Ted Koppel has a point. It's not enough to make me stop watching Olbermann and Maddow (but Matthews???) but it's enough to give me pause to think:
Beginning, perhaps, from the reasonable perspective that absolute objectivity is unattainable, Fox News and MSNBC no longer even attempt it. They show us the world not as it is, but as partisans (and loyal viewers) at either end of the political spectrum would like it to be. This is to journalism what Bernie Madoff was to investment: He told his customers what they wanted to hear, and by the time they learned the truth, their money was gone.
(Emphasis added)
I understand the need for MSNBC's prime time lineup: SOMEone has to balance out FOX News, which in its most desperate moments (e.g. when faced with a potentially hostile judge in a lawsuit) admits it does not traffic in news.
Here's the thing: just as there really is no basis in reality for assuming American exceptionalism, there really is no basis in reality for assuming liberal exceptionalism.
Well, OK, maybe one reason: being the reality-based community does lend a little credence to a willingness to open up to differing opinions, but I digress.

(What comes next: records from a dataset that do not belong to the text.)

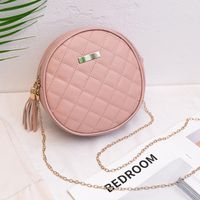New Style Solid Color Rhombus Embroidered Messenger Chain Small Round Bag sku image 3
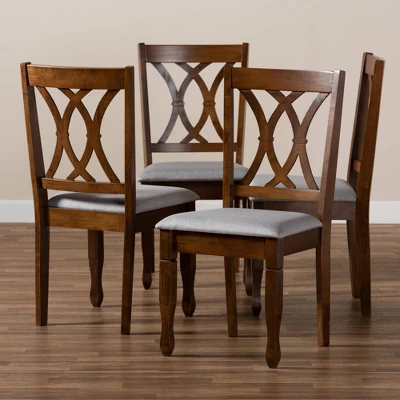 4pc Augustine Fabric Upholstered Dining Chair Set Gray/Walnut Brown - Baxton Studio 5 4pc Augustine Fabric Upholstered Dining Chair Set Gray/Walnut Brown - Baxton Studio - Image 5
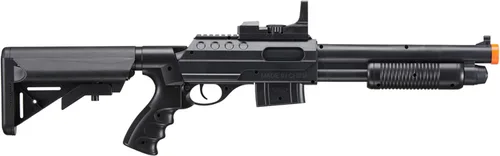 Vista 3 de M0581 Bomba de acción de Airsoft escopeta con alcance, luz y construcción duradera de ABS con grúa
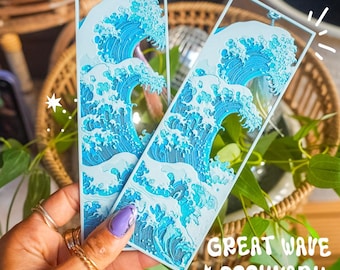3D Printed Wave Bookmark, Sparkle Galaxy Finish, PLA Plastic (4" Length)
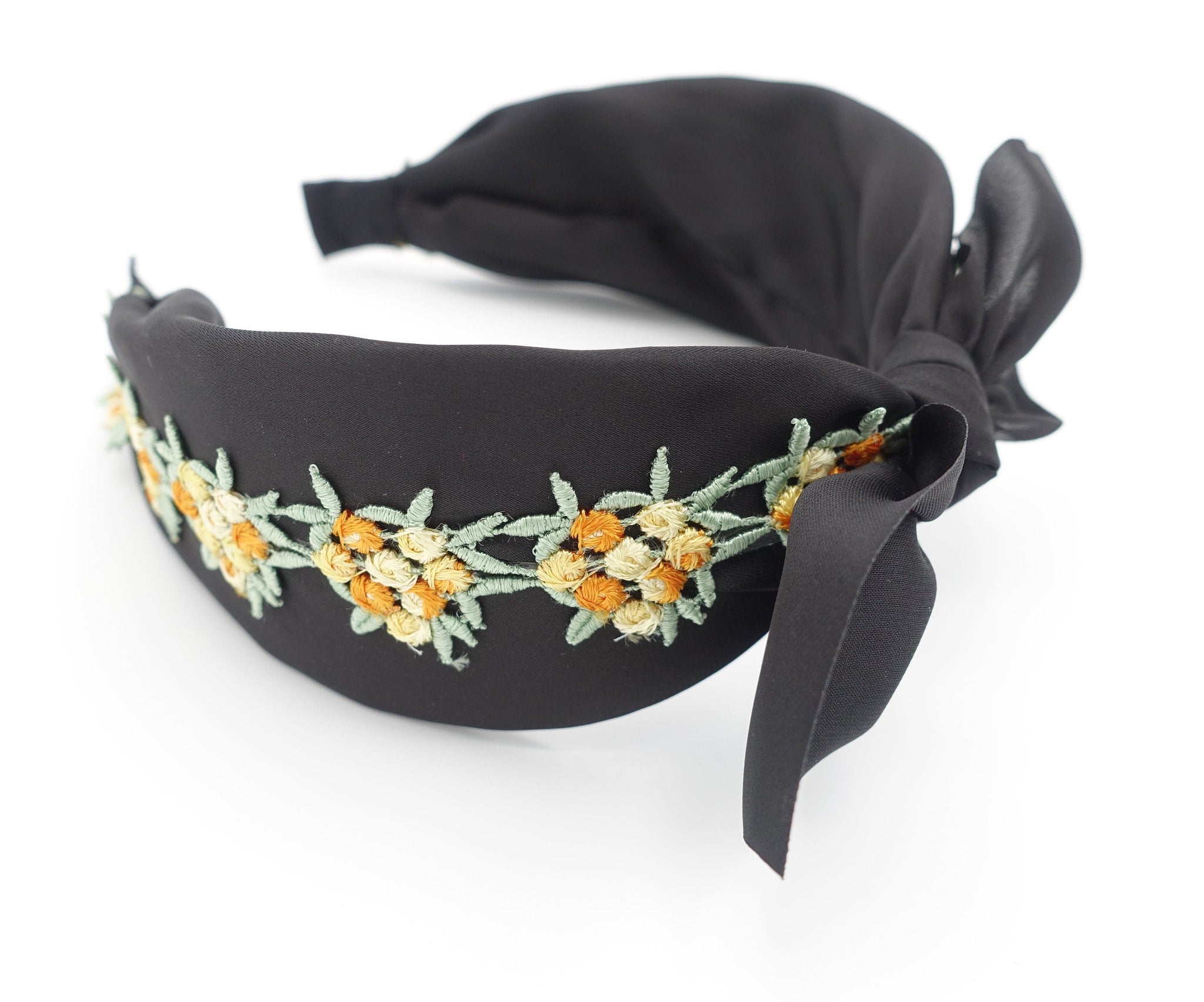 veryshine.com Headband embroidery flower headband black chiffon bow knot hairband women hair accessory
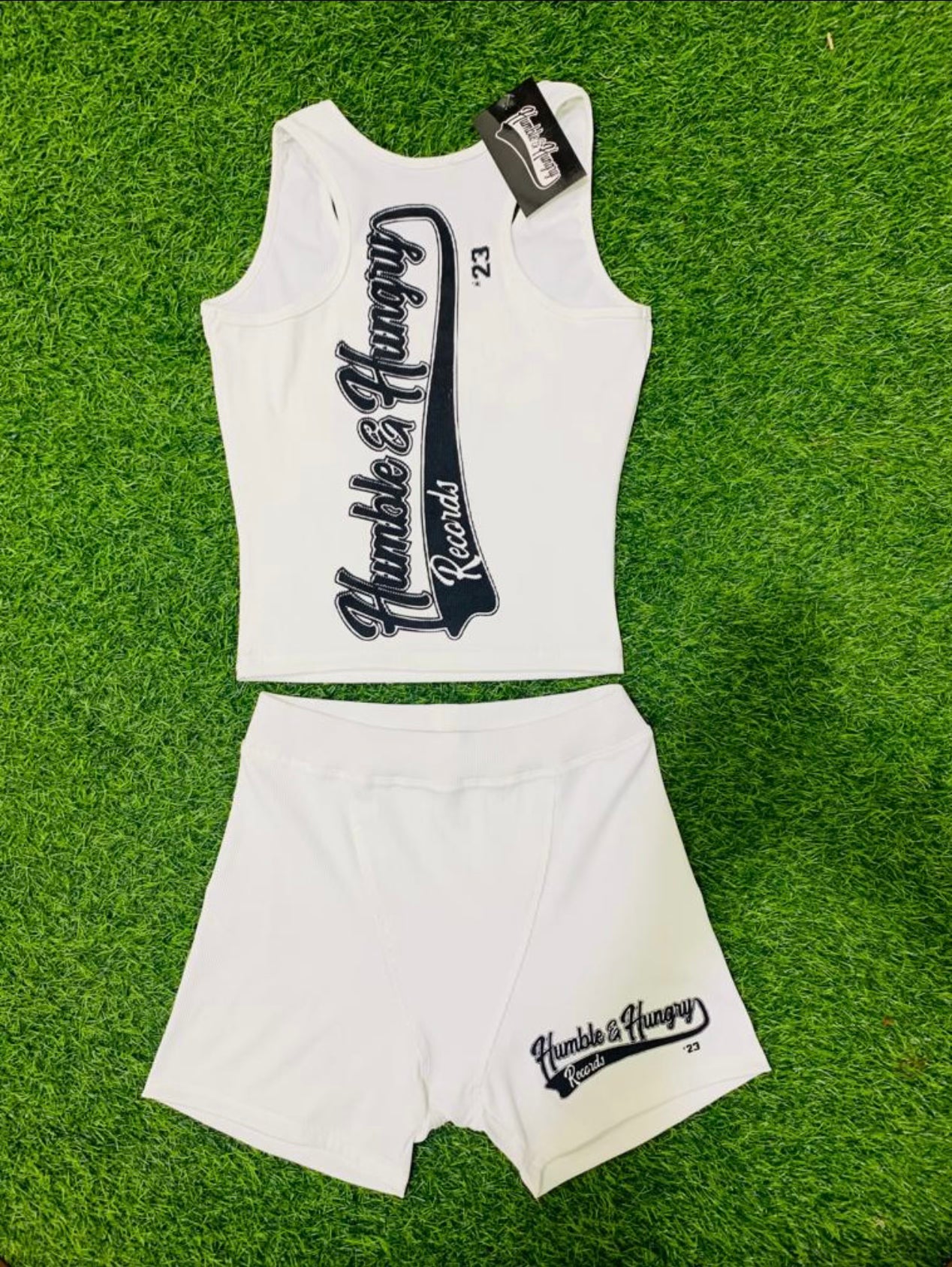 White Records Rib Shorts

Go with me a moment on this...
Liberals are not going to be much more likely to seek out, say, the opinions of even a moderately conservative news outlet than conservatives would show up at a liberal news outlet. If anything, it will be to provoke an irrational response and then giggle and laugh like the little kid who dropped a dooky under the school stairs.
Koppel's point is troublesome for that reason alone: if we assume that liberals are even quanitatively as biased in their news sources as conservatives, then the Madoff analogy is apt, and people are going to get dragged under.
Proof?
President Barack Obama.
Here's a man who clearly knows how to play the game of politics, which means he's less an ideologue than a poker player. Whatever moves he would make are going to be firmly based in the mechanics of the moment and not based on some principle, unless that principle is coincident to the mechanism. Yet, liberals bought the "hope and change" mantra.
Not incorrectly, I think, but if you go back and read carefully, Obama himself was very careful to distance himself from die-hard liberal causes (gay marriage, for example). The media and his supporters and staff created an illusion that he was more left than he was, and that with a wink and a nod to the left, he was running against John McCain as a centrist.
Even in the primaries, he was able to triangulate towards the center-left since Hillary Clinton was perceived, wrongly, as a center-right candidate (support for the war in Iraq). I've followed Hillary's career since just before the Clinton administration (her work with the Family & Work Institute crossed paths with one of my employers).
Woe betide anyone who spoke in support of Hillary in some quarters!
Is that any different than the FOX Newsbaggers who smear moderate Republicans are RINOs? I don't see a difference in degree, to be sure.
Koppel goes on to point out the evolution of "opinion networks" (my term) from the old days of trusted journalists taking on stories that were informative, important and factual, and makes the strong case that news for profit is a bad idea. He offers no solutions except the vague hope that somehow with all the news swirling around us, we'll manage to pick up the facts and the truth of a story.
I'm not sure I buy that, but frankly, apart from independent news sources like FreeSpeechTV and LinkTV, I don't see much hope for a media outlet that I can click my TV onto and get real news. There's a market for it out there, to be sure. People are curious and don't always want to be fed opinion, but if CNN's ratings are any indication, it ain't on cable TV.